- **WHAT YOU HAVE TO DO**:
All lines from the one that contains "Aries Crushed Velvet" through the close of the entries below are to be repeated exactly, without any pictures.

- **EXTRACTED INFORMATION**:
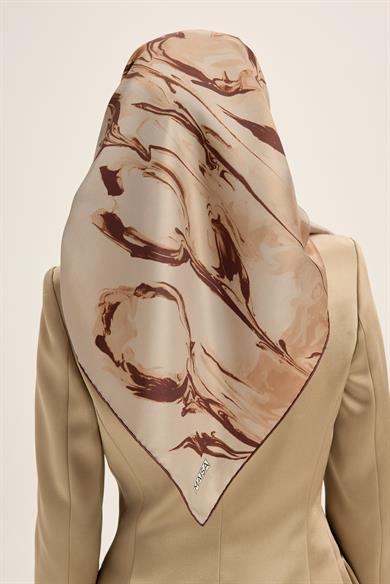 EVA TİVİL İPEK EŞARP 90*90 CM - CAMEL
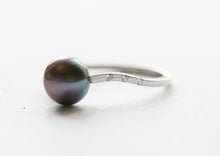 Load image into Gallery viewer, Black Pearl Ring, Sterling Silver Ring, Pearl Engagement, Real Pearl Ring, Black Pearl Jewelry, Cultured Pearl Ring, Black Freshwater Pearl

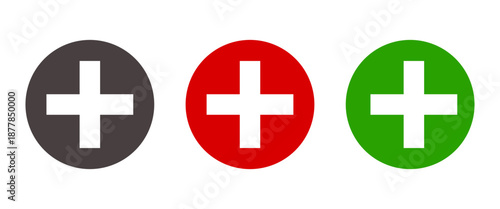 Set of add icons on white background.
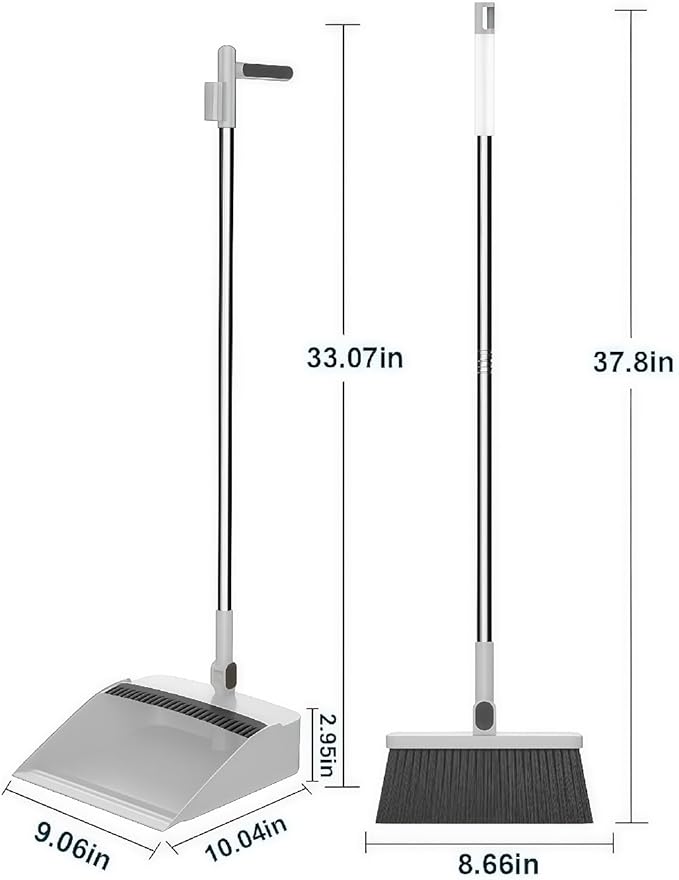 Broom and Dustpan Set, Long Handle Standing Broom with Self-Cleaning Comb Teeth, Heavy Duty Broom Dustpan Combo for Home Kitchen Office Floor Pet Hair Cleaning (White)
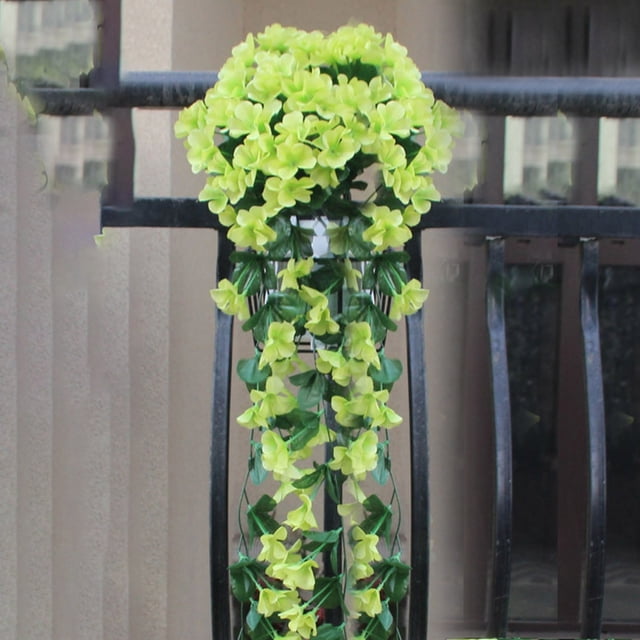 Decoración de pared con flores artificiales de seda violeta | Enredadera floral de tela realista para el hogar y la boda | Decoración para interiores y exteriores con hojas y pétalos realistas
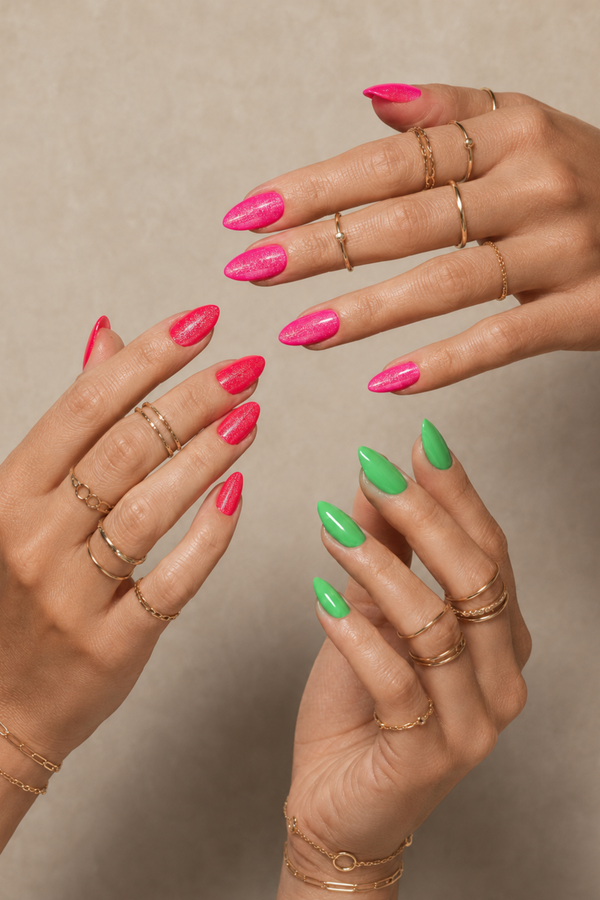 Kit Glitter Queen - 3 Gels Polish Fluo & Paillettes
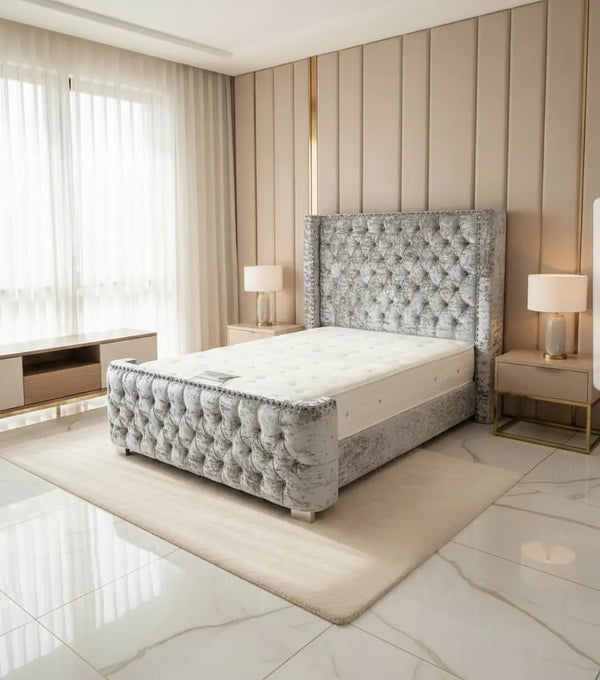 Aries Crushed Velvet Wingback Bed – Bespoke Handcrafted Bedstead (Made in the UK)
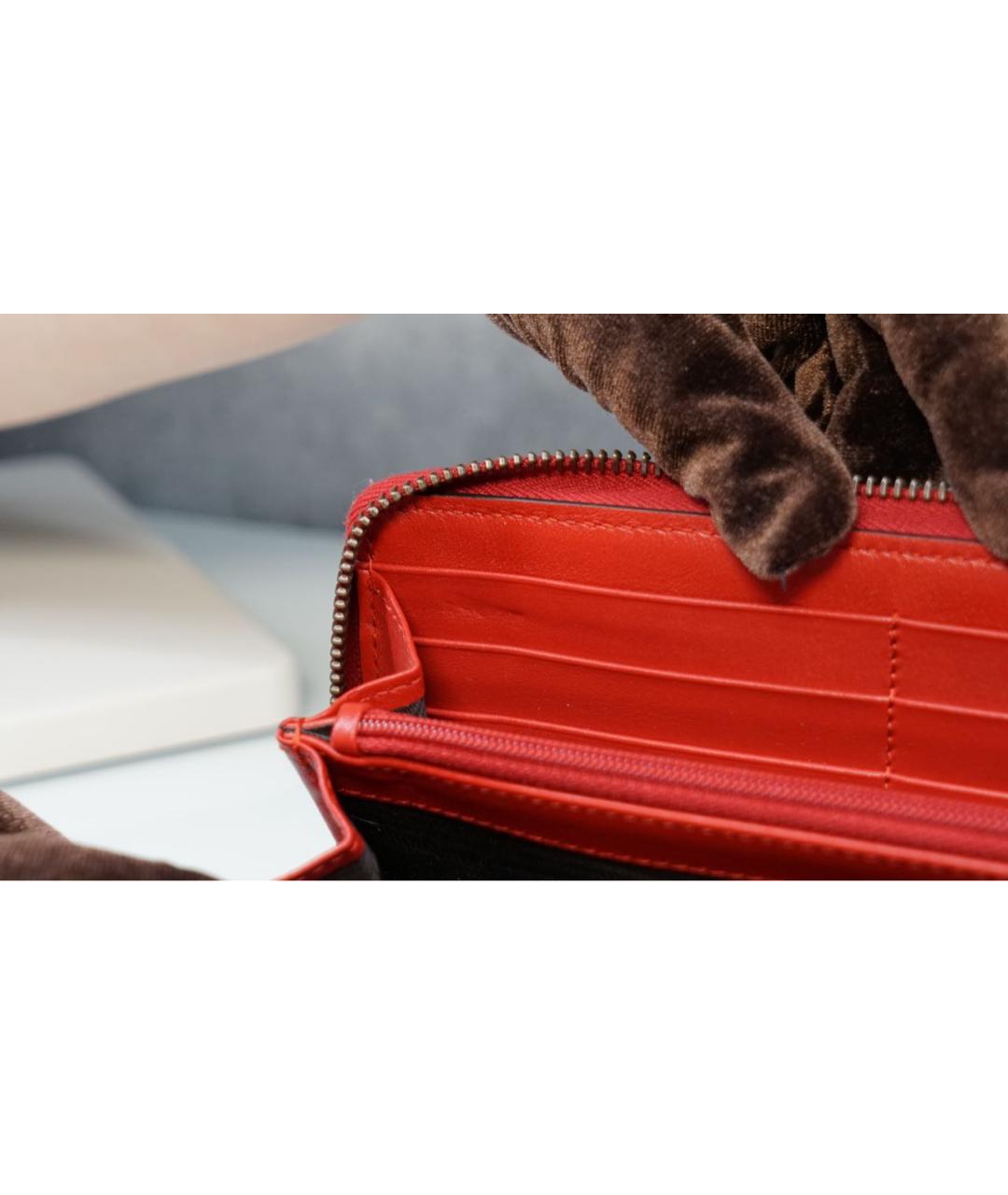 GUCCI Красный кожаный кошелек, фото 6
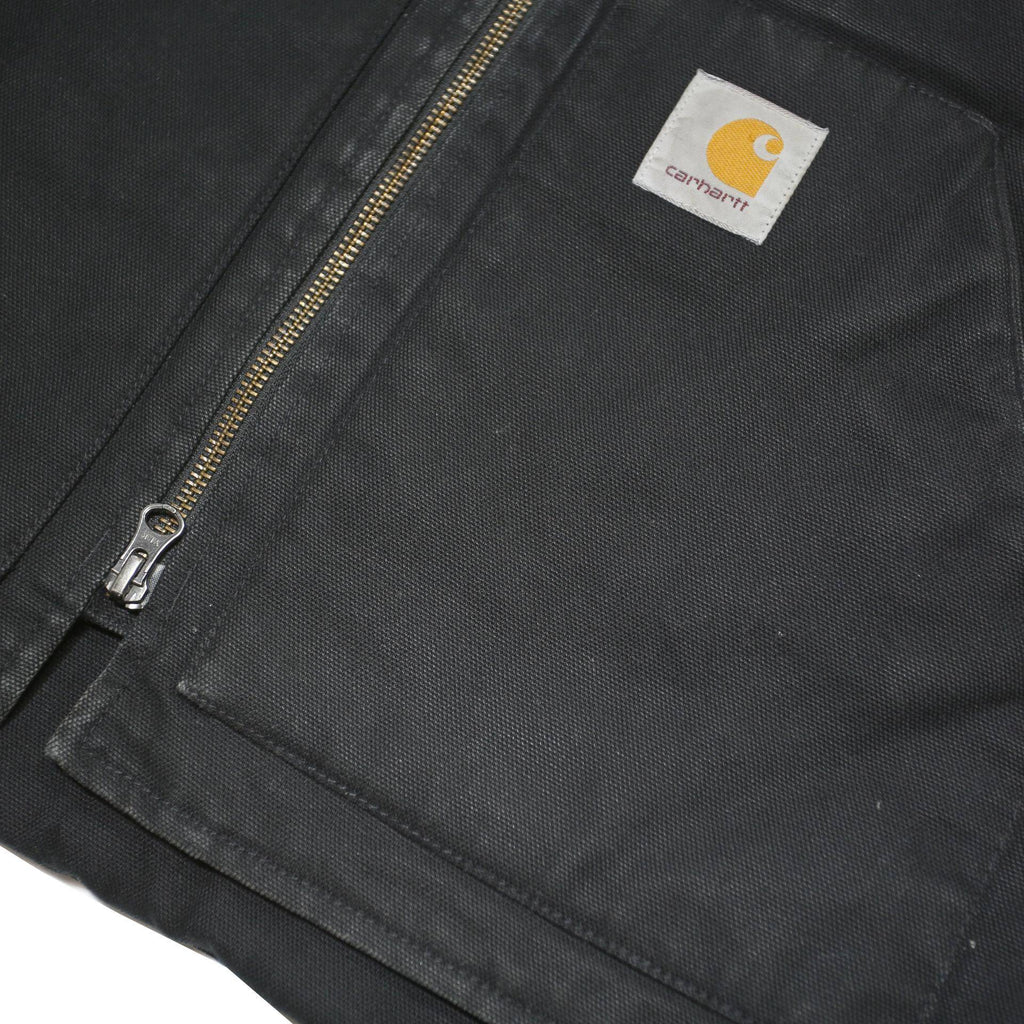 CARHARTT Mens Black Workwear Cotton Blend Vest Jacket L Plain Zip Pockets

- **ANSWER SECTION**:
 Aries Crushed Velvet Wingback Bed – Bespoke Handcrafted Bedstead (Made in the UK)
 GUCCI Красный кожаный кошелек, фото 6
 CARHARTT Mens Black Workwear Cotton Blend Vest Jacket L Plain Zip Pockets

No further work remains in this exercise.